E o design do próprio Drácula também surpreende. Longe do sedutor aristocrata que domina boa parte do imaginário popular, aqui ele surge como uma criatura animalesca, mais próxima de uma força primal do que de uma figura sofisticada. É uma representação que retoma a ideia do monstro como metáfora da doença e do medo, algo que devora não só corpos, mas também certezas.
Mas “A Última Viagem do Deméter” é um filme que aposta alto em sua ambientação e, por isso, sacrifica ritmo. Há momentos em que a narrativa parece andar em círculos, especialmente no segundo ato, onde a ameaça já está estabelecida, mas a progressão dramática se repete sem novidade. A tensão, mesmo bem construída, poderia ser mais dinâmica, especialmente para um público já familiarizado com o desfecho.
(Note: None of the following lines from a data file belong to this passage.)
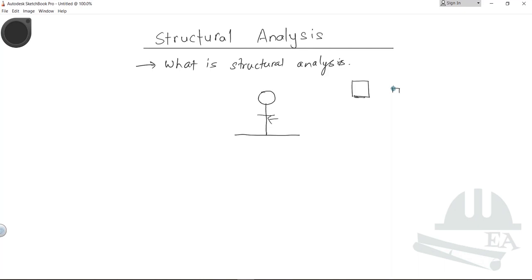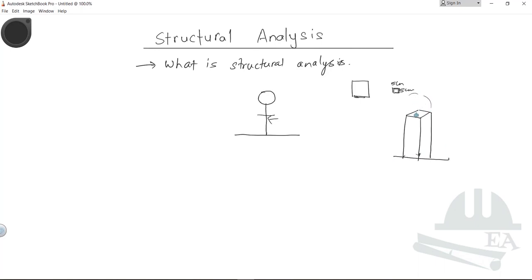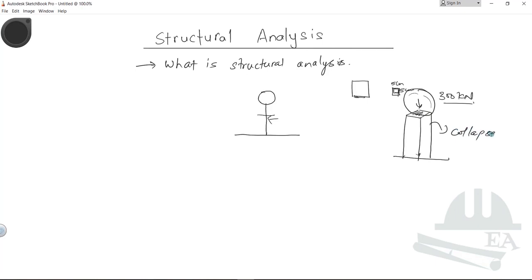What happens if your post is very small? Let's say you make a thin post, like a 5 cm by 5 cm post. The post will look like this, and you want to put the ball on top. If the section is very small and the weight of the sphere is around 300 kilonewtons, then this small-sized post will not be able to sustain the load of the sphere and it will collapse.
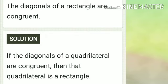The diagonals of a rectangle are congruent. So the converse statement is: if the diagonals of a quadrilateral are congruent, then the quadrilateral is a rectangle. Converse means opposite or inverse of the sentence. Your answer is: if the diagonals of a quadrilateral are congruent, then the quadrilateral is a rectangle.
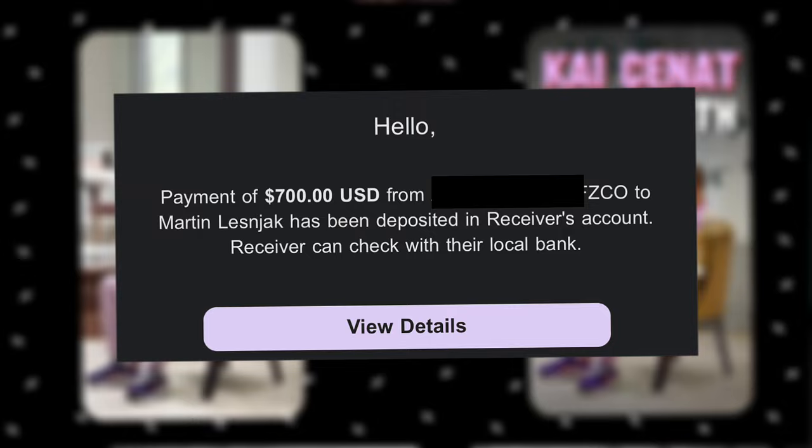In today's video, I'm gonna show you how to make this Kaisenat edit that got me a $700 a month video editing client. Let's get started.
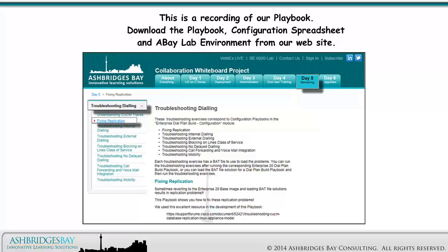This is a recording of our playbook. Download the Playbook, Configuration Spreadsheet, and eBay Lab Environment from our website.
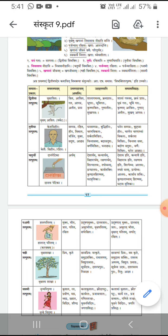Next sentence is khaganam jeevanam shramayi paripurunam, meaning the life of birds is full of hard work. Here khaganam is shashthi vibhakti bahuvachanam — this shashthi will be dropped and jeevanam is uttarpad.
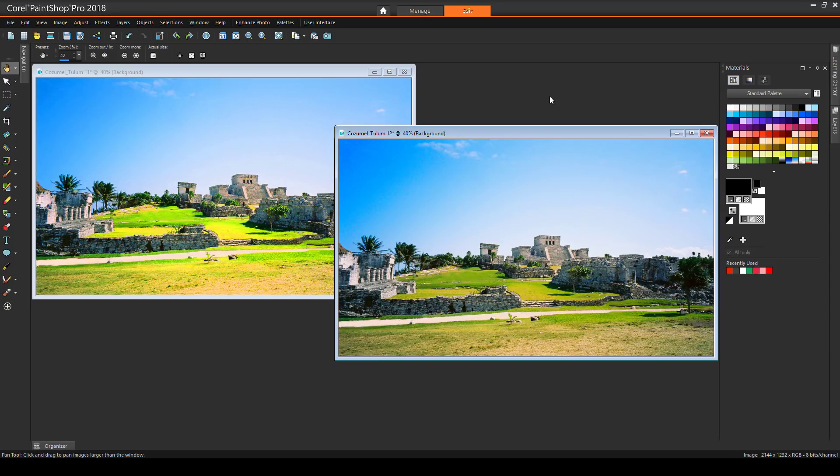This brings us to the end of this tutorial on improving image quality. If you've been watching this video on YouTube, please follow the link in the description below, which will take you to this tutorial page in Corel's Discovery Center. Here you'll find a written version of this tutorial, along with the sample images you can download and follow along.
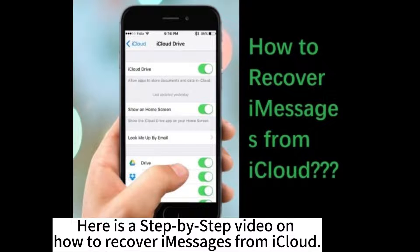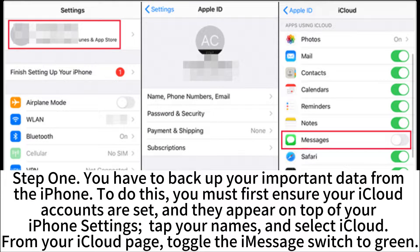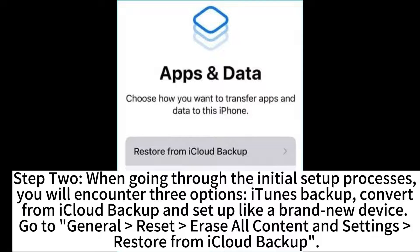Here is a step-by-step video on how to recover iMessages from iCloud. Step 1: You have to backup your important data from the iPhone. To do this, you must first ensure your iCloud account is set and it appears on top of your iPhone settings. Tap your name and select iCloud. From your iCloud page, toggle the iMessage switch to green.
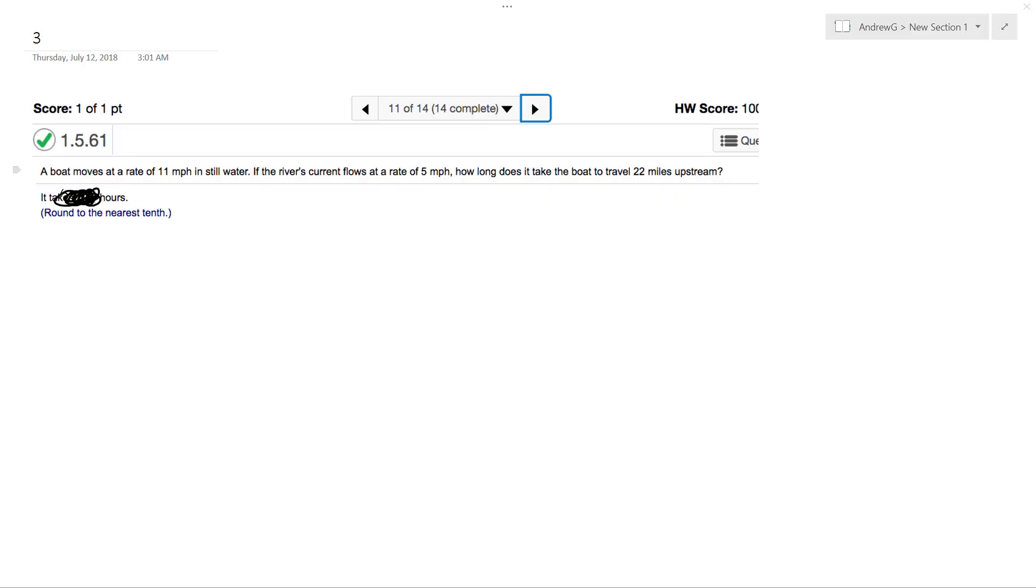Alright, so we've got a boat that moves at a rate of 11 miles per hour in still water. If the river's current flows at a rate of 5 miles per hour, how long does it take for the boat to travel 22 miles upstream?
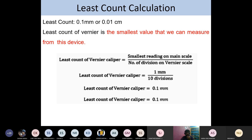Before going to the calculation, first we have to know the least count. The least count can be known from the instrument itself — they mention the least count value on the instrument. Least count is the smallest value that we can measure from the device.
A inclusão de personagens inéditos ao cânone original, como o médico de bordo vivido com dignidade e introspecção, e a passageira misteriosa, funcionam mais como válvulas dramáticas do que como motores da trama. Estão ali para oferecer novas perspectivas e permitir que a história respire por outros ângulos, ainda que sem grande desenvolvimento emocional. Servem bem ao propósito funcional do roteiro, mas não criam impacto duradouro.
Apesar disso, é inegável que o filme tem personalidade. Há uma certa elegância na maneira como o diretor conduz os acontecimentos, recusando o susto fácil e optando por construir tensão com base em clima, silêncio e deterioração moral. Isso o distancia das produções genéricas que inundam o gênero nos últimos anos e o aproxima de um terror mais clássico, mais físico, menos histérico.
No fim, “Drácula – A Última Viagem do Deméter” funciona melhor como peça de atmosfera do que como narrativa explosiva. É um exercício de estilo que não tenta reescrever o mito, mas expandi-lo com respeito e alguma dose de inventividade. Não é o filme que vai reinventar o vampiro, mas é um daqueles que sabe exatamente o que quer contar e, dentro da proposta, entrega com consistência.
E se houver sequência, talvez não precisemos voltar ao porão do navio. Mas a ideia de encontrar Drácula vagando pelas docas de Londres, já com sede renovada, pode render bons pesadelos. E isso, no fim das contas, é o mínimo que se espera de uma boa história de vampiros.